At Kansas State University, students are raising money to ensure the preservation of a set silken teaching aids used by famed entomologist C.V. Riley at KSU in the late 1800s. (Photo by Jacqueline Maille)

By Jacqueline Maille

Editor’s Note: This post is part of a series contributed by the ESA Student Affairs Committee. See other posts by and for entomology students here at Entomology Today.

Jacqueline Maille

Jacqueline Maille

Students and student clubs fill an important role in entomology departments. They are a social outlet for graduate students and undergrads alike, and many clubs engage in public outreach, professional development for their members, and more. A few clubs go the extra mile to leave a lasting impact on the field.

One such impact is preserving natural and entomological history. Two current projects by entomology student clubs at Kansas State University and the University of Wisconsin are paving the way for student-led initiatives to ensure historical works of entomology are preserved for future generations. At KSU, students are raising money to ensure the preservation of a set silken teaching aids used by famed entomologist C.V. Riley at KSU in the late 1800s. Meanwhile, at UW, entomology students are working to preserve zoological teaching wall charts from the early 1900s. Recently I spoke with Cameron Osborne, a Ph.D. student at KSU and president of the Popenoe Entomology Club (of which I am vice president), and Jacki Whisenant, a masters’ student in entomology at UW, to get their thoughts on these works, the effort they’ve put in to preserve them, how it has impacted them, and some general advice in preserving history.

C.V. Riley Teaching Aids

Entomology students at Kansas State University (KSU) lovingly talk about how the Waters Hall basement (or “dungeon”) holds secrets, mysteries, and if lucky, treasures. Several years ago, Sonny Ramaswamy, Ph.D., Entomology Department head at the time, uncovered 69 silken teaching aids used during Charles Valentine (C.V.) Riley’s guest lecturing time at KSU from 1868–1877. The discovery prompted the need to house and conserve these treasurers in the University Archives and Special Collections at the KSU Library.

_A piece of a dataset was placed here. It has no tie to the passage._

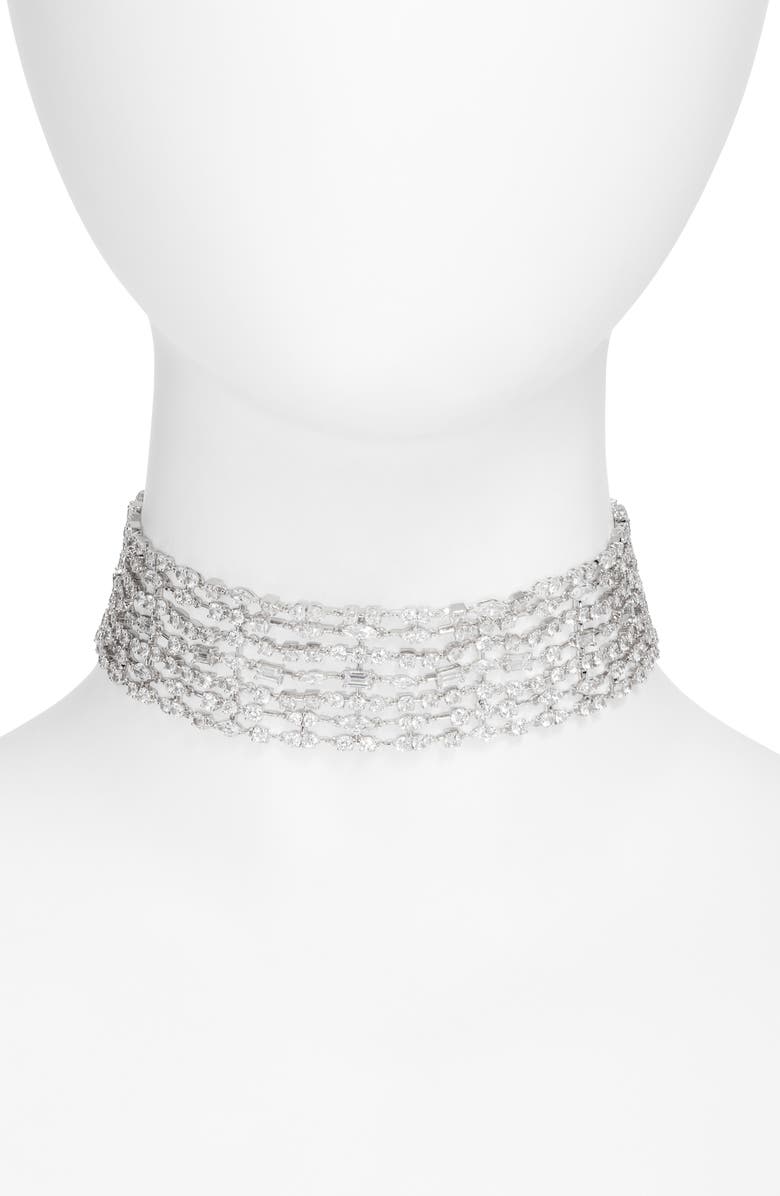 Nadri Cabaret Cubic Zirconia Choker Necklace, Main, color, Rhodium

The Popenoe Entomology Club was given access to the digitized versions of Riley’s pieces in 2018 and began selling reprints for fundraising. This money started a fund for the club’s C.V. Riley Special Collection preservation needs, in addition to supporting the club. In the summer of 2021, the club was amid its centennial year, and club president Cameron Osborne asked officers, “How should we, the club officers, want to celebrate and honor our history?” I recounted the story of the Riley prints and proposed that we could start a restoration project in collaboration with the library.

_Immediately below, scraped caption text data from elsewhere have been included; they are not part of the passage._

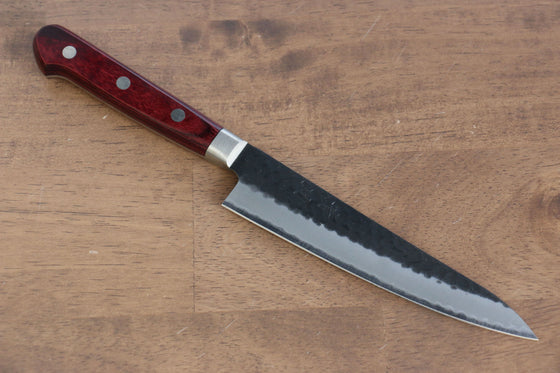 Seisuke Blue Super Hammered Kurouchi Petty-Utility 135mm Red Pakka wood Handle - Seisuke Knife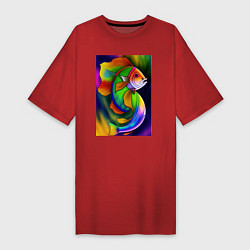 Женская футболка-платье Разноцветная рыба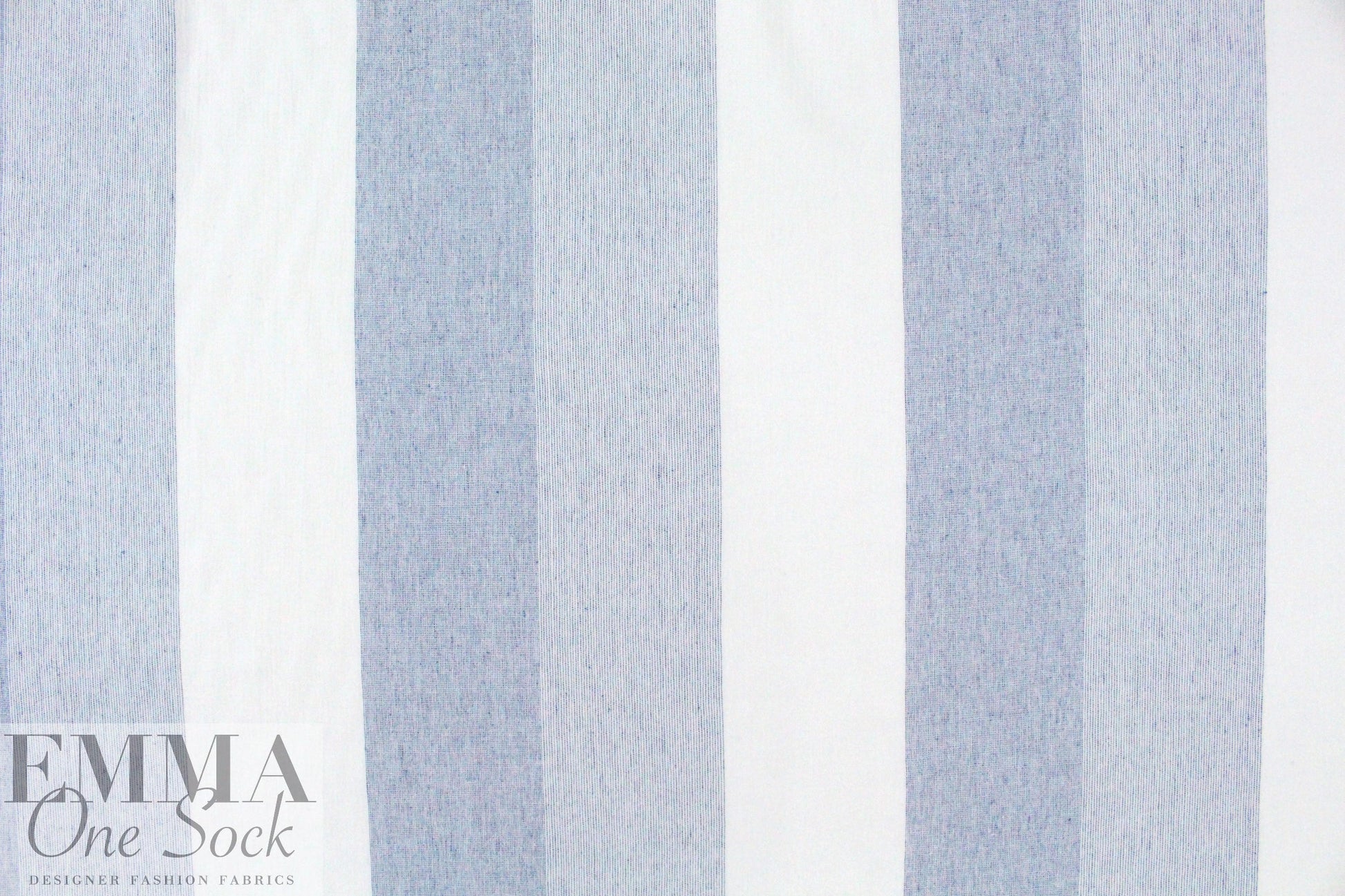 Italian linen/cotton gauzey blue stripe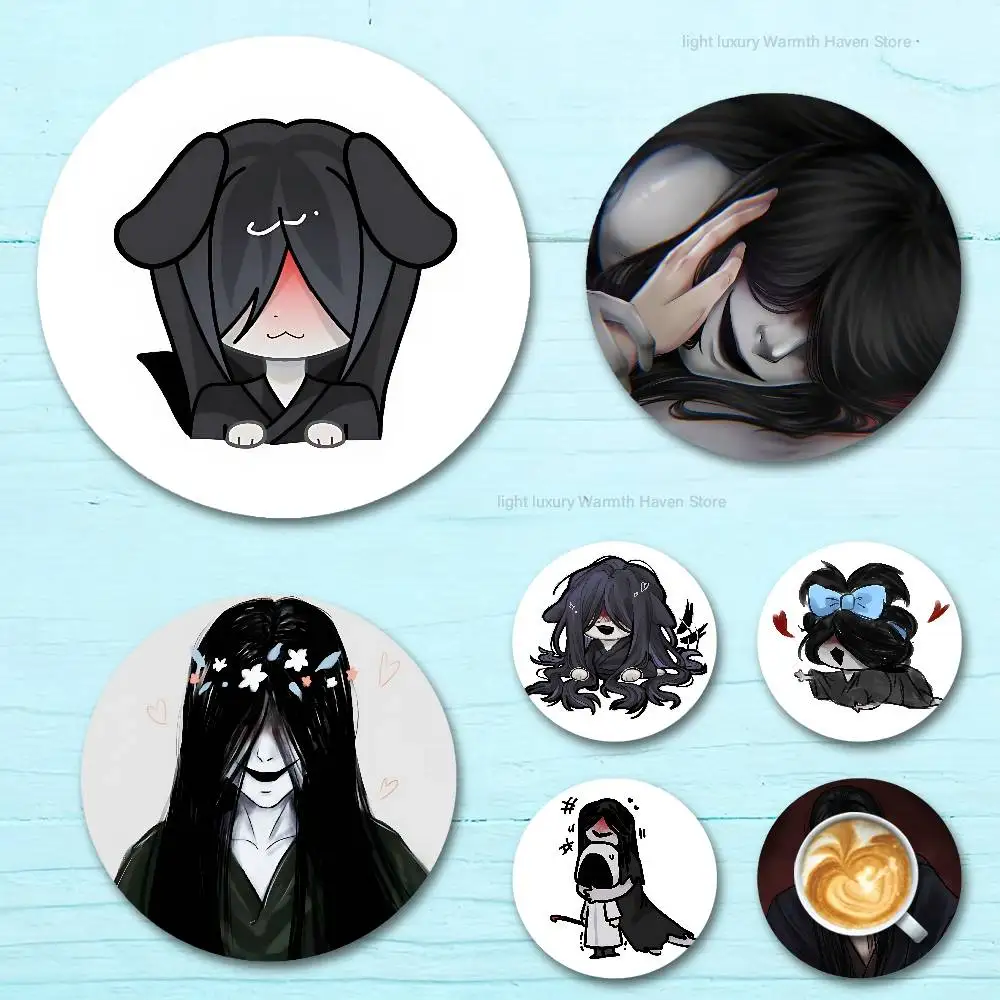 

H-Homicipher Mr C-Crawling Heat Resistant Round Wooden Coasters Non-slip Drink Cafe Decoration 2D Flat Color Print Coasters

During national archive month in October, we had established a collaboration with Cliff Hight, the KSU Archives and Special Collections Department head, whose team invited a restoration expert, Kenneth Bé, to visit and methodically evaluate the Riley collection. Bé documented the condition of each piece and the attention needed for proper restoration and preservation. At least 20 had critical needs, and the club began fundraising toward a goal of $10,000 to begin the conservation process.

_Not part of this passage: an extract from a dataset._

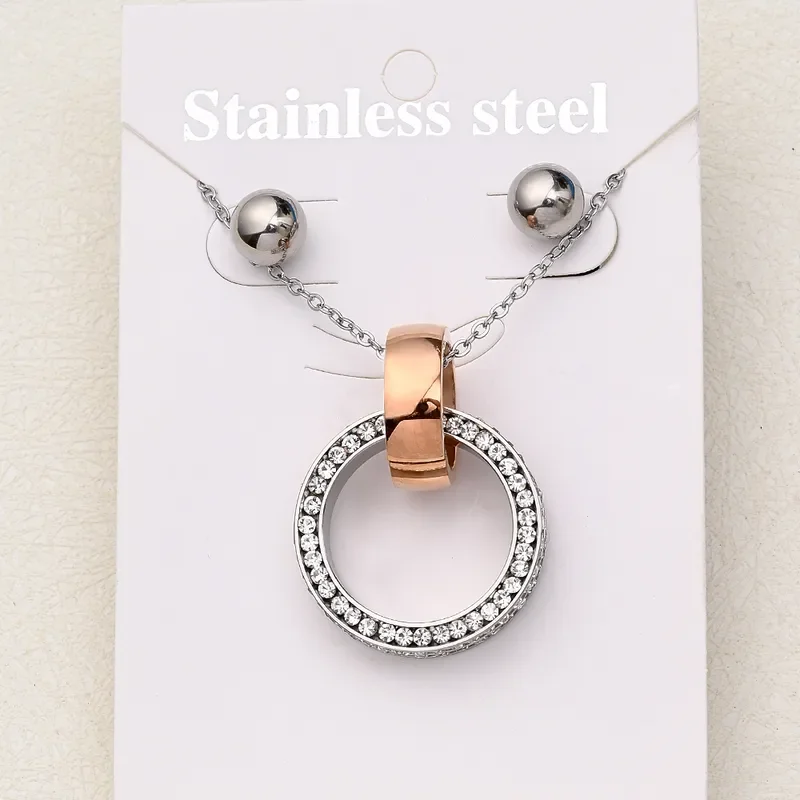Φωτογραφία προϊόντος: Peach Jewelry Σετ Διπλός Κύκλος Ροζ Χρυσός Και Με Ζιρκόν Ανοξείδωτο Ατσάλι 304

To inspire and engage the club in this overwhelming restoration commitment, a private viewing of the works was arranged for club members to experience and appreciate the endeavor. A club committee was formed and established a University Foundation account for donations, which received over $1,000 toward the project in the first week alone! However, donations have slowed, and the club is looking for ways to energize this endeavor. The club has been exploring external funding opportunities and support and will be introducing a coloring book at the 2022 Joint Annual Meeting of the Entomological Societies of America, Canada, and British Columbia, which will feature some of Riley’s work. Sales from this coloring book will benefit the restoration fund.

Zoological Teaching Wall Charts

At the University of Wisconsin, Jacki Whisenant has worked at the UW Zoological Museum, where zoological teaching wall charts from the early 1900s are housed in the historical materials collection. A campus working group, “Friends of the University of Wisconsin Libraries,” is dedicated to the preservation of special collections, and it has a small pot of funds to provide grants for special projects.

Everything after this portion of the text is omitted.